Merged! Thanks, everyone!

Off to create a new label for our latest module!

brettcannon avatar Oct 24 '24 17:10 brettcannon

Of to go rebasing my PRs on this now! ("Now" meaning after teaching today, probably)

henryiii avatar Oct 24 '24 17:10 henryiii

Thanks everyone! Eagerly awaiting a release so that PyPI's implementation can be deployed :)

ewdurbin avatar Oct 24 '24 17:10 ewdurbin

I'd like to get a PR for extra validation in before a release, as it's easier to add validation before a release than afterwords. I should know if it's needed and have it added by tomorrow.

henryiii avatar Oct 24 '24 17:10 henryiii

The validation errors I was looking for are included, so good to go from me!

Question, though: would adding a warning if a License :: classifier is present and metadata 2.4+ is encountered be a good idea? Likewise, if 2.4 is set and a classic license is used.

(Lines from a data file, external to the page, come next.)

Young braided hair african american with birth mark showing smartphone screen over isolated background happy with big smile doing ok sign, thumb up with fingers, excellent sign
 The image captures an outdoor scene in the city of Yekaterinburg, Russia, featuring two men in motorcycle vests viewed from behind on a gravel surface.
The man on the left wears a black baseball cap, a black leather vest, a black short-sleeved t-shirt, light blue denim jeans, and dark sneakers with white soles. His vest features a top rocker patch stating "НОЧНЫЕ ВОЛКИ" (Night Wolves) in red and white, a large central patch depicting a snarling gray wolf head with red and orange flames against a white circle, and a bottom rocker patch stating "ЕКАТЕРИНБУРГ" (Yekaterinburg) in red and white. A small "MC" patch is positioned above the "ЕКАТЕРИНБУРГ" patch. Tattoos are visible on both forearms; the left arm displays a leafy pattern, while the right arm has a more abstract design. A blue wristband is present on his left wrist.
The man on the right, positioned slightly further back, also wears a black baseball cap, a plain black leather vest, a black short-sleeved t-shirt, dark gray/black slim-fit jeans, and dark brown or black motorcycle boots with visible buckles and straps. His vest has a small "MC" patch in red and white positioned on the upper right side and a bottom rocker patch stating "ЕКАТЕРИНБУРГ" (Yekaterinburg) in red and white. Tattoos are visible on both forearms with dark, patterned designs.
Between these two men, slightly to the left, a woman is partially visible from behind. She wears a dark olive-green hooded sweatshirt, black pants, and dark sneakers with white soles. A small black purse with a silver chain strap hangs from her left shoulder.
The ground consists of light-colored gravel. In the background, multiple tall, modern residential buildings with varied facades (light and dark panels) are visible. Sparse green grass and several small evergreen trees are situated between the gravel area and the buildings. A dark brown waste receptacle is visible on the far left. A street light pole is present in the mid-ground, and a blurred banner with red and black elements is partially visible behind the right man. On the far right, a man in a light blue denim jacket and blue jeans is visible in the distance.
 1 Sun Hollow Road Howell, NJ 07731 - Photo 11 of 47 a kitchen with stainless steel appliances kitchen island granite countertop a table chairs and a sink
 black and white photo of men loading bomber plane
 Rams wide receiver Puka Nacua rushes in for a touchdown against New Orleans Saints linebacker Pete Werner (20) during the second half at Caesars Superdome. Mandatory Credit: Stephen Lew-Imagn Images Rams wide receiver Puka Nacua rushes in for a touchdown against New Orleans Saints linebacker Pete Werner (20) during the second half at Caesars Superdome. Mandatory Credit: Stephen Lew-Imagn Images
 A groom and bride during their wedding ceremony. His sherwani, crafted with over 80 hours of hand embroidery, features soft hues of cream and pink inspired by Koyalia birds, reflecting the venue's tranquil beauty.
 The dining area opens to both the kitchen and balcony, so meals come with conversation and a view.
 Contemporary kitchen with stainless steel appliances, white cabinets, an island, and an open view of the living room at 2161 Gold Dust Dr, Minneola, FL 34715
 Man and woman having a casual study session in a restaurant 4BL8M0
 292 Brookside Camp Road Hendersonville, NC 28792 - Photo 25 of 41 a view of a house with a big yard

I don't see another similar warning in packaging.metadata, though.

Basically, this: https://github.com/pypa/pyproject-metadata/blob/cb7450073acecefc714cc5de82816799841777b9/pyproject_metadata/init.py#L505-L517

Warning can always be added after a release, unlike errors, so not a blocker at all.

henryiii avatar Oct 24 '24 18:10 henryiii

From the PEP:

If the License-Expression field is present, build tools MAY raise an error if one or more license classifiers is included in a Classifier field, and MUST NOT add such classifiers themselves.

and

If only the License field is present, tools MAY issue a warning informing users it is deprecated and recommending License-Expression instead.

So both of those warnings seem to be inline with the PEP.

ewdurbin avatar Oct 24 '24 18:10 ewdurbin

Yes, that’s where I got the warnings, but they are MAY, I assume we get to pick.

henryiii avatar Oct 24 '24 18:10 henryiii

would adding a warning if a License :: classifier is present and metadata 2.4+ is encountered be a good idea?

It's a hard call for in 'packaging' itself. If we put it in it will definitely come up more, but for a "MAY" it feels like we might be going beyond just being a library.

brettcannon avatar Oct 25 '24 21:10 brettcannon

Please do not emit a warning in this foundational library.

ofek avatar Oct 25 '24 21:10 ofek